Abortion is in the news this year, and for all of the right reasons. Abortion-rights proponents can no longer ignore or deflect discussion around the second patient involved in an abortion procedure. While that discussion does have many moral implications, the most important development is that the medical ethics issues involved are coming to the forefront.
Thanks to several state legislatures, 2019 has provided as stark a contrast on the issue of abortion as ever.
The states of Illinois and New York have given us regressive laws that serve to illustrate the naked, brutal inhumanity of abortion in a way we haven’t seen in our lifetimes, and other states have started to follow suit.
Recent abortion legalization in New York and Illinois extend virtually to the moment of birth through vague but malleable language. The states’ lawmakers have effectively removed the veil from the lie of a “safe” abortion because after viability, abortion is much more likely to result in the death of the mother with each subsequent week of pregnancy. They’ve made it clear that for them it’s not about the health of the mother or the child.

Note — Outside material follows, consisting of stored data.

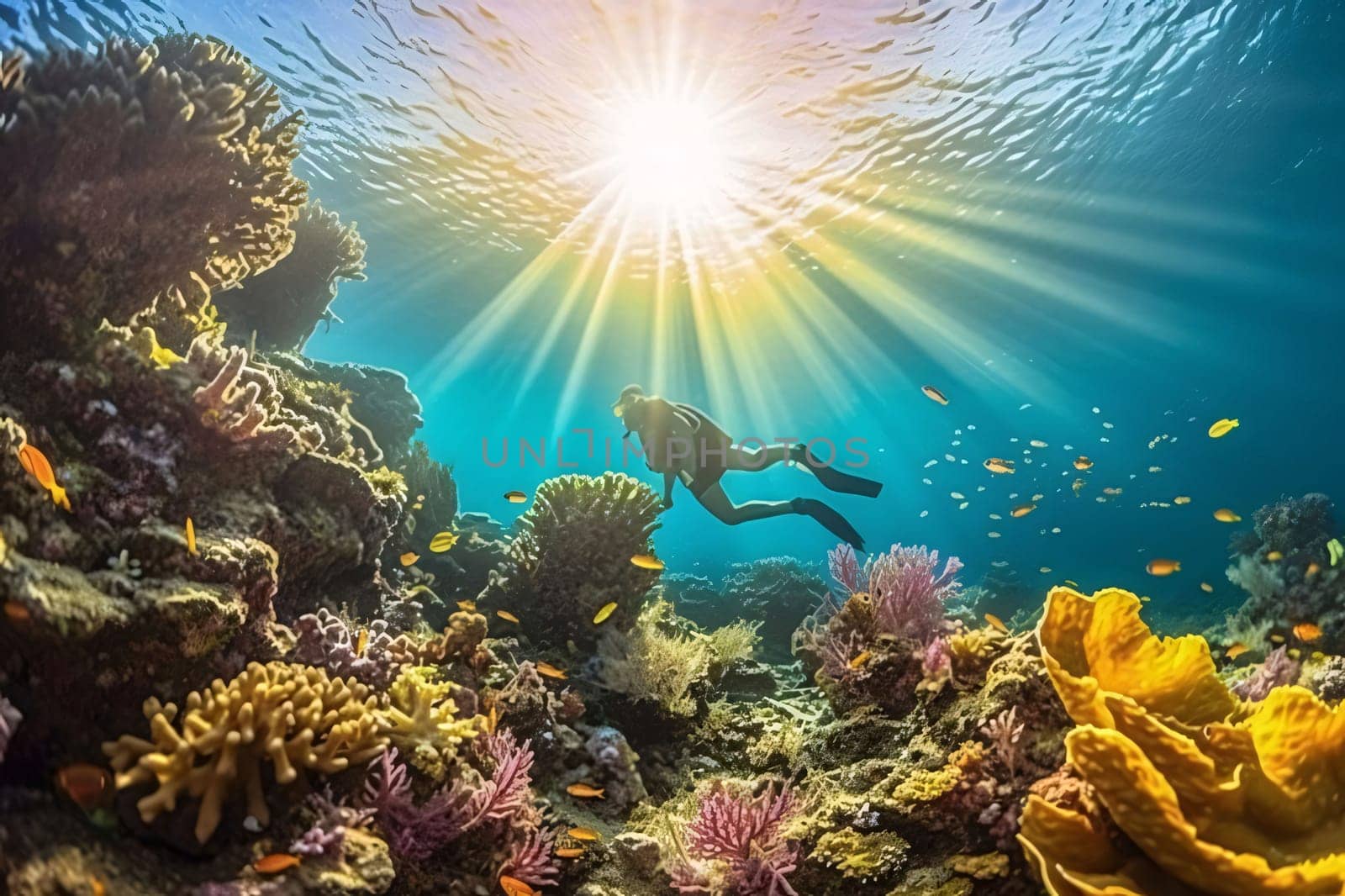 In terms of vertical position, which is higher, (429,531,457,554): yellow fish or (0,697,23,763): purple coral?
(429,531,457,554): yellow fish

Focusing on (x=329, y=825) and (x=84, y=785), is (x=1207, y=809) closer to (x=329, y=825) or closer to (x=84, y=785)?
(x=329, y=825)

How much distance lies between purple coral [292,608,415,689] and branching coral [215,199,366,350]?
21.4ft

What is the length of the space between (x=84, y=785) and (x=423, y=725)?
1.43 m

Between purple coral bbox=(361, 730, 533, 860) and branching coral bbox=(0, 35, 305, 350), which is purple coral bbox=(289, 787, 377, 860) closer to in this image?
purple coral bbox=(361, 730, 533, 860)

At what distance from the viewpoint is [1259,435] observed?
53625 mm

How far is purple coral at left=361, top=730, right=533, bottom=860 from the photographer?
2.94 metres

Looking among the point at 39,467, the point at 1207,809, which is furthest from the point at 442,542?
the point at 1207,809

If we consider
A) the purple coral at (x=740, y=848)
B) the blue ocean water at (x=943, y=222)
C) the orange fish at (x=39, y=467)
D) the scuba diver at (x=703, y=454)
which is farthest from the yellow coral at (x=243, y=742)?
the scuba diver at (x=703, y=454)

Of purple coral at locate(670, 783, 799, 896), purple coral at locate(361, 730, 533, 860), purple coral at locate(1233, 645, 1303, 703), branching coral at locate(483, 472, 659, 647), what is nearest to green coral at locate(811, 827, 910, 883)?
purple coral at locate(670, 783, 799, 896)

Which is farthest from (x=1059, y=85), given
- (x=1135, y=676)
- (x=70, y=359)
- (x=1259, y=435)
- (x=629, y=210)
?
(x=1259, y=435)

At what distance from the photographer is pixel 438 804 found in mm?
3125

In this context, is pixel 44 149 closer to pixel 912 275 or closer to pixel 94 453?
pixel 94 453

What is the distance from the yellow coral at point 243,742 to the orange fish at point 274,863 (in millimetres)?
175

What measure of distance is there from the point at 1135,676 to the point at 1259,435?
70192mm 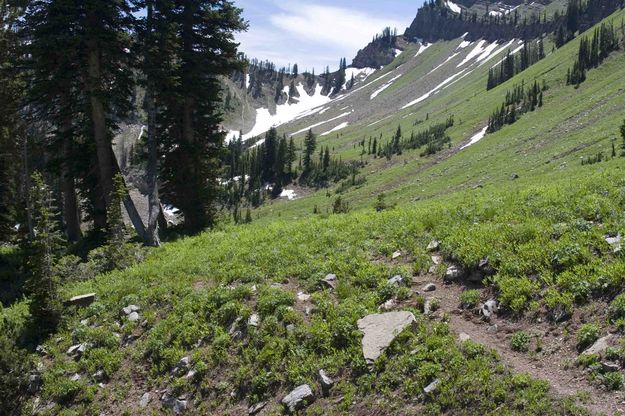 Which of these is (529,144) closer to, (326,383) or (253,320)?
(253,320)

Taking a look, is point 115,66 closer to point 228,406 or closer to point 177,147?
point 177,147

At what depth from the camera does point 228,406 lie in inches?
368

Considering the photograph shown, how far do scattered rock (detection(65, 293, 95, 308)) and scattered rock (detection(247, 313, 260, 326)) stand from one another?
5.99 metres

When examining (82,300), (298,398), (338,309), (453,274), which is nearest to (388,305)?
(338,309)

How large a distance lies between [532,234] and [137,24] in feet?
66.2

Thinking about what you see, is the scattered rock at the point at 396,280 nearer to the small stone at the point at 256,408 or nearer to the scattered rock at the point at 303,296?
the scattered rock at the point at 303,296

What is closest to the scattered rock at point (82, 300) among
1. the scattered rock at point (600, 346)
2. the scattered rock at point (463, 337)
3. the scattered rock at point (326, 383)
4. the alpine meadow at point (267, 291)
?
the alpine meadow at point (267, 291)

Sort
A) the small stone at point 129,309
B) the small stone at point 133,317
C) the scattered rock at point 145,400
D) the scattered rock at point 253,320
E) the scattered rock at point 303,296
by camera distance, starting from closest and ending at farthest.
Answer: the scattered rock at point 145,400 → the scattered rock at point 253,320 → the scattered rock at point 303,296 → the small stone at point 133,317 → the small stone at point 129,309

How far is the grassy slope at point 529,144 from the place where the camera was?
54812mm

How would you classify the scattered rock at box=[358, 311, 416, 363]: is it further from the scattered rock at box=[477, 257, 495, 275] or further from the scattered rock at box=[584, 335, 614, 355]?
the scattered rock at box=[584, 335, 614, 355]

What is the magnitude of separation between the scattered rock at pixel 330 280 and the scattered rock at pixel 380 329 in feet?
6.30

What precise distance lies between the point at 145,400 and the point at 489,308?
25.3ft

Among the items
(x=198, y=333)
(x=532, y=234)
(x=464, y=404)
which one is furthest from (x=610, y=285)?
(x=198, y=333)

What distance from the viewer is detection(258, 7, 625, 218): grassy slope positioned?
5481 centimetres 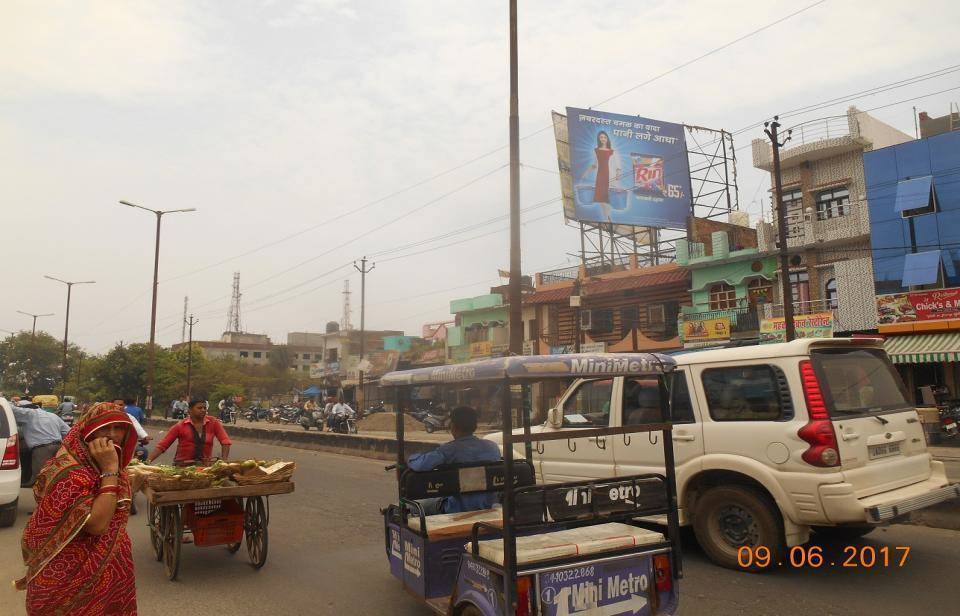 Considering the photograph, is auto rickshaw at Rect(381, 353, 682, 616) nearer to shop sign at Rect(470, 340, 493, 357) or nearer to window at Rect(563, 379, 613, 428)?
window at Rect(563, 379, 613, 428)

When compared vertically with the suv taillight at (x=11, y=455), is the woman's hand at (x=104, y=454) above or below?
above

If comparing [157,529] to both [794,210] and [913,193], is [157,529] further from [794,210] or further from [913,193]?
[794,210]

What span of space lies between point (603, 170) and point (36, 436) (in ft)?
88.3

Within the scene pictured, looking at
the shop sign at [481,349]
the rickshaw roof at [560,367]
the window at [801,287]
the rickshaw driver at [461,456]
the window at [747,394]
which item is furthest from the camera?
the shop sign at [481,349]

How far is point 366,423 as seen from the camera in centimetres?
3625

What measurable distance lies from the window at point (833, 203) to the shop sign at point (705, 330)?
216 inches

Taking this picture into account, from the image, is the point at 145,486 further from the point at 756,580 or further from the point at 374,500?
the point at 756,580

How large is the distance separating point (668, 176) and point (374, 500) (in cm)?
2694

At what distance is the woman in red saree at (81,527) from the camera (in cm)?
292

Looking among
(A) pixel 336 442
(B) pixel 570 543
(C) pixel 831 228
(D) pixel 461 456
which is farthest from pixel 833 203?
(B) pixel 570 543

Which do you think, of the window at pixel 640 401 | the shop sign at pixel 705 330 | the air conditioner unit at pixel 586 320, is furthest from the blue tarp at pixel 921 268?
the window at pixel 640 401

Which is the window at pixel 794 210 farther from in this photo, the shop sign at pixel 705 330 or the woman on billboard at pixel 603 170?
the woman on billboard at pixel 603 170

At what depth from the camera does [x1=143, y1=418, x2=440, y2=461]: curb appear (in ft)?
56.3

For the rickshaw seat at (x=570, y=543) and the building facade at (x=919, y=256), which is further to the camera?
the building facade at (x=919, y=256) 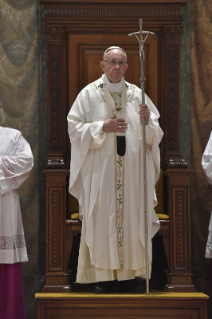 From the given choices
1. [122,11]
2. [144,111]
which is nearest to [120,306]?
[144,111]

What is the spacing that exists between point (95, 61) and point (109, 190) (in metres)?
1.78

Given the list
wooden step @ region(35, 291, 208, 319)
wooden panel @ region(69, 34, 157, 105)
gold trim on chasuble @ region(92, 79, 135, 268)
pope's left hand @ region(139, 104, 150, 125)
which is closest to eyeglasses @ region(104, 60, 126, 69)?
gold trim on chasuble @ region(92, 79, 135, 268)

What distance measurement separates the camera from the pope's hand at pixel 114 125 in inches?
248

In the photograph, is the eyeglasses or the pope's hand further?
the eyeglasses

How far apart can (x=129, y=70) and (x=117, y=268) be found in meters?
2.38

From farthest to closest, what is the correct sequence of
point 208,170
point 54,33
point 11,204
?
1. point 54,33
2. point 208,170
3. point 11,204

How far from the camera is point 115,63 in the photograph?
649 cm

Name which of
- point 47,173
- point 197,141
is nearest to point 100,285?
point 47,173

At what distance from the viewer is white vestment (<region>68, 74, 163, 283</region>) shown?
6258 mm

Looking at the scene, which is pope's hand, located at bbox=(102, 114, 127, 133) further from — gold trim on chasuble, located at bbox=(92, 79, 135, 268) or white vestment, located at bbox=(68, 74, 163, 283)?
gold trim on chasuble, located at bbox=(92, 79, 135, 268)

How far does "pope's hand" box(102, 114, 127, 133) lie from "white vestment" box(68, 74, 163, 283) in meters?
0.05

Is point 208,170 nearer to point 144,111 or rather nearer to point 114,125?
point 144,111

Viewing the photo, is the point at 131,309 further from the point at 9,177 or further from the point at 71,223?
the point at 9,177

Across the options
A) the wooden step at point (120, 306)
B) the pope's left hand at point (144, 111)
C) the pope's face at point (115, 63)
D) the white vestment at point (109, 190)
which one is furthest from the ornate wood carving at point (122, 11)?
the wooden step at point (120, 306) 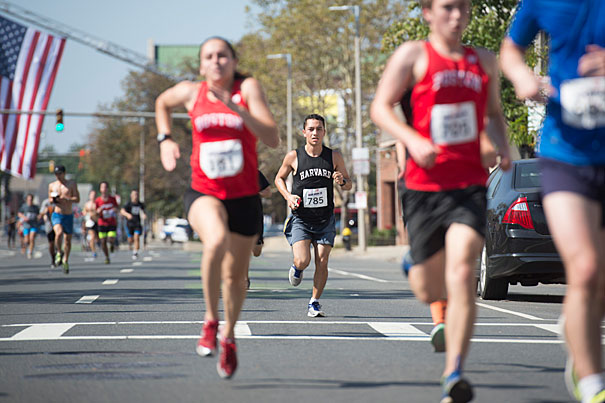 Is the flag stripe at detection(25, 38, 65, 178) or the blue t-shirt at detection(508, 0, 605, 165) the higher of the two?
the flag stripe at detection(25, 38, 65, 178)

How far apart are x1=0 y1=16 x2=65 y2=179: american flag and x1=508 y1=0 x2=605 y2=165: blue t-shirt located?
103 ft

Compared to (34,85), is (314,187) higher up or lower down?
lower down

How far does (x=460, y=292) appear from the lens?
18.3 feet

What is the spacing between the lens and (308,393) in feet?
19.8

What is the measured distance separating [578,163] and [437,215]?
1035 millimetres

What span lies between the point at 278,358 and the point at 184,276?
13.0 m

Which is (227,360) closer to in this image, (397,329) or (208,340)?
(208,340)

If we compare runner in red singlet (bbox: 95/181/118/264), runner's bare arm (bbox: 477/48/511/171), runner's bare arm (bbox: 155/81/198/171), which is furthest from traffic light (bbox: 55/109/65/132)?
runner's bare arm (bbox: 477/48/511/171)

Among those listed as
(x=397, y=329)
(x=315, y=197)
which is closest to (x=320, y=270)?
(x=315, y=197)

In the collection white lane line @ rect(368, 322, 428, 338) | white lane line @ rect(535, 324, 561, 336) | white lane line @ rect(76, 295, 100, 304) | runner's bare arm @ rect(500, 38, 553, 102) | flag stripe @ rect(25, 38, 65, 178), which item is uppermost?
flag stripe @ rect(25, 38, 65, 178)

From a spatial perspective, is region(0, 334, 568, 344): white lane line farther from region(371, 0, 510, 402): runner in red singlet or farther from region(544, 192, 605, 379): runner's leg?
region(544, 192, 605, 379): runner's leg

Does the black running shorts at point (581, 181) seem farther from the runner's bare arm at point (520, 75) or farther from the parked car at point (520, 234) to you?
the parked car at point (520, 234)

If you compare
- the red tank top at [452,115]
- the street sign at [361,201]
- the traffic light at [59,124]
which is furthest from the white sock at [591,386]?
the traffic light at [59,124]

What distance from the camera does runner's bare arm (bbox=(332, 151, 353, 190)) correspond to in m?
11.0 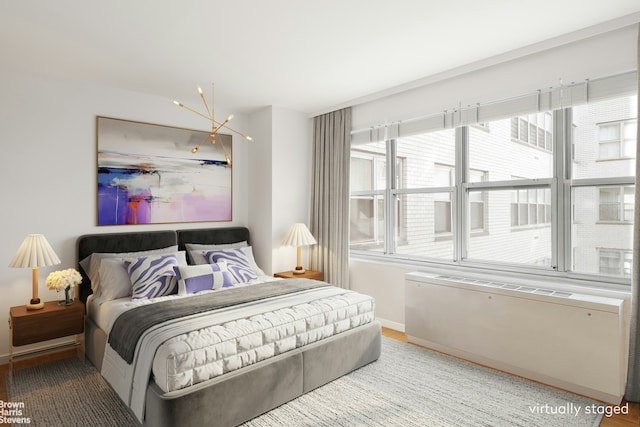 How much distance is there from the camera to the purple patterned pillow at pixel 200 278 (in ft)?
10.5

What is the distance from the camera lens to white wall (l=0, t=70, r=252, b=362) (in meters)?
3.22

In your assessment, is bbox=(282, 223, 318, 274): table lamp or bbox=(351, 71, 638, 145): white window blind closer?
bbox=(351, 71, 638, 145): white window blind

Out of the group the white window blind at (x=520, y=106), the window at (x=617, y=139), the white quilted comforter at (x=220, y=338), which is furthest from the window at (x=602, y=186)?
the white quilted comforter at (x=220, y=338)

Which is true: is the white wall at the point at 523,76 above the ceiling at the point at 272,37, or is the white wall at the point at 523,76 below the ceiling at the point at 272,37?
below

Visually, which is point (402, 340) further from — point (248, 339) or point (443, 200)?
point (248, 339)

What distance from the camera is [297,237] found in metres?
4.34

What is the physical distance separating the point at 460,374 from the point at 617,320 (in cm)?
115

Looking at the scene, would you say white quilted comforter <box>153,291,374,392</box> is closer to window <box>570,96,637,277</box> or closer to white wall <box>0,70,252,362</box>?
window <box>570,96,637,277</box>

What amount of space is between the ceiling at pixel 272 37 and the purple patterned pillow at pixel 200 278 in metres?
1.81

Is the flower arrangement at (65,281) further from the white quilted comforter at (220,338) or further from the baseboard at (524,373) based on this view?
the baseboard at (524,373)

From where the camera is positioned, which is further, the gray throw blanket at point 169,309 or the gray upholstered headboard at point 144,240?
the gray upholstered headboard at point 144,240

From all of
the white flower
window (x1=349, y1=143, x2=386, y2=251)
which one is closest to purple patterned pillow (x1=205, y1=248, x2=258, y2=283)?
the white flower

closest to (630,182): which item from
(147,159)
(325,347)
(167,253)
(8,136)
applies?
(325,347)

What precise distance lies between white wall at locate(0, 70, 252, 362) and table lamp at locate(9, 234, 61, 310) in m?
0.35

The endgame is the removal and destruction of an otherwise viable and innocent human being.
If the issue were simply to separate the mother from the fetus, measures would be taken to ensure the survival of that baby until it can find a loving and adoptive home. Carrying to term remains the safest option for the short- and long-term health and well-being of both mother and child.
Survival of extremely premature infants has rapidly progressed to the point where survival is possible at 22 weeks gestation. If necessary, extremely preterm infants can in fact be separated from their mothers and survive if a medical issue requires delivery.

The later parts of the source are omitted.